A ascensão da China à cúpula do poder econômico, o triunfo de um modelo inédito e inimitável, o crescimento da classe média mais numerosa do planeta induziram, porém, à inconfessável suspeita de que os chineses, nova unidade de medida do humor global, também estivessem começando a conhecer pelo menos algumas instâncias de satisfação.
Surpreendentemente, uma pesquisa da Tsinghua University de Pequim confirmou aos chineses aquilo que eles veem cotidianamente e tranquilizou o resto do mundo com relação àquilo que, todos os dias, espera-se secretamente: a China pode ultrapassar o Japão e insidiar os EUA, mas continua sendo uma "nova potência" fundada na infelicidade.

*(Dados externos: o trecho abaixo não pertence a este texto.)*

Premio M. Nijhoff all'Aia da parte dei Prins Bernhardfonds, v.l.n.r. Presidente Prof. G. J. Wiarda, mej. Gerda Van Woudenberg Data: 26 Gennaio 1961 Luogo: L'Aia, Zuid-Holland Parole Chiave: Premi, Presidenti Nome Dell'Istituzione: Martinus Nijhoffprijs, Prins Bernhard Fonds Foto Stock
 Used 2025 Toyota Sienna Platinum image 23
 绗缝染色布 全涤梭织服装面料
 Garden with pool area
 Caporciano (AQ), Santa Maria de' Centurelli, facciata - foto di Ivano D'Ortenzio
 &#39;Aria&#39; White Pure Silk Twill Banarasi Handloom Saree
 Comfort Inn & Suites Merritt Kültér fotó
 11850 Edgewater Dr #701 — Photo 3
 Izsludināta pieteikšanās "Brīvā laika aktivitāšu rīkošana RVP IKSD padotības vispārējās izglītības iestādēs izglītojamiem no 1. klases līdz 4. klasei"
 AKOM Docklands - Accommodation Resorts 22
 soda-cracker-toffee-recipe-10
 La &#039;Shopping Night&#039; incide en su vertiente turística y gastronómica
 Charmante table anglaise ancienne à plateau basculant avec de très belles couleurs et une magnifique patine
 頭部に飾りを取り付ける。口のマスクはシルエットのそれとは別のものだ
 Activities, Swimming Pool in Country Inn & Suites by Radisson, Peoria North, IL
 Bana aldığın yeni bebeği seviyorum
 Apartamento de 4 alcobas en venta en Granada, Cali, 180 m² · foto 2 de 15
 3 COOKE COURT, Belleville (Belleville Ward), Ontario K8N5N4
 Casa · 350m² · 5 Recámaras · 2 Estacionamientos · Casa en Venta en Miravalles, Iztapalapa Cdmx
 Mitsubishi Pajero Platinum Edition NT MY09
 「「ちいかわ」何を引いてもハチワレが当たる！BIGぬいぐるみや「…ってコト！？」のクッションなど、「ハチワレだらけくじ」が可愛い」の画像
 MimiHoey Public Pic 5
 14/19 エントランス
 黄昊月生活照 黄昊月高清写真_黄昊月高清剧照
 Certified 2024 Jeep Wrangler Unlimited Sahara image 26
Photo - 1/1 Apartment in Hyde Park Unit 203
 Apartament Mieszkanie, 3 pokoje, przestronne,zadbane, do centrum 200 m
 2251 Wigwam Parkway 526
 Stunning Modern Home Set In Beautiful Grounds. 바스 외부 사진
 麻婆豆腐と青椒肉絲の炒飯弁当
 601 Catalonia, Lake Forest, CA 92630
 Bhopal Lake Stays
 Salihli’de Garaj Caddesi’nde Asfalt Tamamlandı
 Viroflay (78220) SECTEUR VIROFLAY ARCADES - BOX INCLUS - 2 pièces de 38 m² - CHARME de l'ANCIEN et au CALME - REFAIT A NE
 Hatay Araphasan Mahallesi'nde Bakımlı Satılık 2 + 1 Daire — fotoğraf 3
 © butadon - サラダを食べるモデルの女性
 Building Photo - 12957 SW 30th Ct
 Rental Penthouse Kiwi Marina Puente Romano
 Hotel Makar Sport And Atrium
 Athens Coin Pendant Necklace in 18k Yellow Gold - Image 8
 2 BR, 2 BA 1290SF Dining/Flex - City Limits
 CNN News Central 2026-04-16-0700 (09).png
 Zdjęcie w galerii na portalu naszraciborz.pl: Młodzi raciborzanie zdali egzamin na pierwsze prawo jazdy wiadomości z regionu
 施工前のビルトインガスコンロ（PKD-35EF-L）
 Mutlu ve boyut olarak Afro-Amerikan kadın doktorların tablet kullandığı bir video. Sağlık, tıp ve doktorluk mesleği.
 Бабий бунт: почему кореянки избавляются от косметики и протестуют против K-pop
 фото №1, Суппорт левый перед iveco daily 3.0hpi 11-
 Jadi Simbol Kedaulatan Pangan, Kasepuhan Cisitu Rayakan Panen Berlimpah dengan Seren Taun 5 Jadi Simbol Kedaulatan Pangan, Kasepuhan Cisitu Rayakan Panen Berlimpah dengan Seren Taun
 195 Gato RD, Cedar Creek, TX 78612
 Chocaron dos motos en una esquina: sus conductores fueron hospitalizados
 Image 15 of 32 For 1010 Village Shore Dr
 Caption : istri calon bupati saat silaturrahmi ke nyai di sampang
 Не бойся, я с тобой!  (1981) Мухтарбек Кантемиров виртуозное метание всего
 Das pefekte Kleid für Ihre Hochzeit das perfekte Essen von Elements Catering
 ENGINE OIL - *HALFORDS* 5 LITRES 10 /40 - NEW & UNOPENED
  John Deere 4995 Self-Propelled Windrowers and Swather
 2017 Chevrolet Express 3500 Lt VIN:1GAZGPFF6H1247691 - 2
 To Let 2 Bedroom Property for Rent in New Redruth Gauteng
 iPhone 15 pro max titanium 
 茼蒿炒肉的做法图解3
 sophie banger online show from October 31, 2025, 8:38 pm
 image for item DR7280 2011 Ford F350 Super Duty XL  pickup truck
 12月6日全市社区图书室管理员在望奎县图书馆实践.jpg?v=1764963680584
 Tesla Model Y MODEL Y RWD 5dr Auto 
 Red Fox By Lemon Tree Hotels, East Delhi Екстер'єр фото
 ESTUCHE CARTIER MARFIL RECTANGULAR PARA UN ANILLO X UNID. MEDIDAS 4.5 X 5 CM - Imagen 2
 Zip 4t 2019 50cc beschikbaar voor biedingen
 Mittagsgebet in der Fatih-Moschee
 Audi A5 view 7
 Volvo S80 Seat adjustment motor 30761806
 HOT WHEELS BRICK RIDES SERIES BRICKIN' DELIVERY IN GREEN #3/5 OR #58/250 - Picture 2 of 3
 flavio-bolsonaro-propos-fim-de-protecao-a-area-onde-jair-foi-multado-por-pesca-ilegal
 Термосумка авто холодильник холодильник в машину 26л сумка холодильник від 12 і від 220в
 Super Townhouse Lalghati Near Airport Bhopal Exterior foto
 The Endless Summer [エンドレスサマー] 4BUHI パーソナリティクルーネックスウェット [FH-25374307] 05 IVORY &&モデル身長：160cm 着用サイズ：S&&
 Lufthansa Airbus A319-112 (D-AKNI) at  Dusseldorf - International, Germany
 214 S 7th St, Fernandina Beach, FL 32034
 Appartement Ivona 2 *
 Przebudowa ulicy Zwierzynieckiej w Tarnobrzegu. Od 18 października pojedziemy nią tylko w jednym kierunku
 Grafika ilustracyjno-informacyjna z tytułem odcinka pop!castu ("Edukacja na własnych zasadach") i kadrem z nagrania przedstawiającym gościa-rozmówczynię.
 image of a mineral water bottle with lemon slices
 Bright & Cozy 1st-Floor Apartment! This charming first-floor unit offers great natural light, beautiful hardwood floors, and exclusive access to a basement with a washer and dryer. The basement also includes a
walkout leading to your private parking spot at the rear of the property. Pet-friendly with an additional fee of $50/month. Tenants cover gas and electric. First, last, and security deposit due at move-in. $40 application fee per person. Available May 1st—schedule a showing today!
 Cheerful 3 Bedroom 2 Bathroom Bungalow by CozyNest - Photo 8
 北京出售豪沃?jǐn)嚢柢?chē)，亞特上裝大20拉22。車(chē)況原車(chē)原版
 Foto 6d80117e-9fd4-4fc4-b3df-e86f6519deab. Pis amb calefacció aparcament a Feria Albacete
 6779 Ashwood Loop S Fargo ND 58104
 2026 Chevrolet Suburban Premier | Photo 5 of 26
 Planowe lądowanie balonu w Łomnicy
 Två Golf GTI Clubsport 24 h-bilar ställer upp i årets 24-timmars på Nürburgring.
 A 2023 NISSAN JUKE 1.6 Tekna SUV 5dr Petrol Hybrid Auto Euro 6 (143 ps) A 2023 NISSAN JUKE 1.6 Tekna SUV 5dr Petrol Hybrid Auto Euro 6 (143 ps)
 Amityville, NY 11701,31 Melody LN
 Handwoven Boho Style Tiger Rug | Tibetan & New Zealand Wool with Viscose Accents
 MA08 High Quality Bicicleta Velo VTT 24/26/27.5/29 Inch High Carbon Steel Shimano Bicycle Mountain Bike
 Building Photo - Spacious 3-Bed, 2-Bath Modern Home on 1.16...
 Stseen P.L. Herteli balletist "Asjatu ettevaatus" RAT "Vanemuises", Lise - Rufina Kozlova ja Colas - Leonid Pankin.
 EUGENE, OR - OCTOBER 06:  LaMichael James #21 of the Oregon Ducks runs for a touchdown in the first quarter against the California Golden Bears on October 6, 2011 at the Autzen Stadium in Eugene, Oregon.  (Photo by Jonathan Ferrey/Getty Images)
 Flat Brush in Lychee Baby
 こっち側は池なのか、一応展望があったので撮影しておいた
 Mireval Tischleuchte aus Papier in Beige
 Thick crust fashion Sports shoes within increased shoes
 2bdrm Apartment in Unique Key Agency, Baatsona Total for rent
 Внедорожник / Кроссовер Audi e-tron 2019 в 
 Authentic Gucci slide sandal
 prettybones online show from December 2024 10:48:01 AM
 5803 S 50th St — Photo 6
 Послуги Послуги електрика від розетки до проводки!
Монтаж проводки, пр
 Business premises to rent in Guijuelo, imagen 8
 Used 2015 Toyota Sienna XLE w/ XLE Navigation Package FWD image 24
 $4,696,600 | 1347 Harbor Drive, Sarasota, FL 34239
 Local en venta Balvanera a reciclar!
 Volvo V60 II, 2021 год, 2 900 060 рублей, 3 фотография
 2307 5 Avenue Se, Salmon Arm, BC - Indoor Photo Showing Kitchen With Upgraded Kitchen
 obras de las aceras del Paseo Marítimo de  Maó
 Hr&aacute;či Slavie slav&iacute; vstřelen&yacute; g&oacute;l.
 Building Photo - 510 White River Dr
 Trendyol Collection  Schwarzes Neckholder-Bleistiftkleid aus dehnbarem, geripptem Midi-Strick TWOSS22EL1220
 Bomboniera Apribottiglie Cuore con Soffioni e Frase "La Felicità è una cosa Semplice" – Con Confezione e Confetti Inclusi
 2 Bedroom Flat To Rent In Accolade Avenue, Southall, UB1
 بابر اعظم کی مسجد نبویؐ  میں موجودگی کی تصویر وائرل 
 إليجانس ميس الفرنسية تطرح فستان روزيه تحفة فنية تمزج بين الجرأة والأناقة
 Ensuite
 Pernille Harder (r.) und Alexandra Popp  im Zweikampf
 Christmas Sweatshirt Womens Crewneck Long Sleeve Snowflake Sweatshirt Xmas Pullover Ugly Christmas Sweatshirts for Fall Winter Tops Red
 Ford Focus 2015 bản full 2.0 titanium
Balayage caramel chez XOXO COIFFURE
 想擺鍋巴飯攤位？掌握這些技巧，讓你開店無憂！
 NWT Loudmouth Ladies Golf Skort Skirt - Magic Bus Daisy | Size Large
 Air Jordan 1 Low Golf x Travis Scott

O fato de que a notícia tenha sido publicado no jornal China Daily, versão em inglês do jornal do partido, testemunha que Pequim, depois de um famoso artigo publicado entre as polêmicas do ano passado, também começa a se colocar o fútil problema do destino moral de 1,4 bilhão de pessoas.
Durante décadas, depois da Longa Marcha e ainda mais a partir da Revolução Cultural, as perguntas sobre o bem-estar individual foram consideradas um vício burguês e um luxo proibido. Declarar-se "infeliz" era contrarrevolucionário, correspondia a admitir uma patologia mental individualista e merecia a internação em um instituto psiquiátrico.
Era um dos fundamentos da propaganda comunista: a China era feliz por definição e obviamente estava pronta para a glória internacional. Por isso, despertou uma certa perturbação, ao lado da notícia do enésimo recorde financeiro atingido pela nação, ler que 92% dos seus habitantes ousa hoje confessar que "são infelizes".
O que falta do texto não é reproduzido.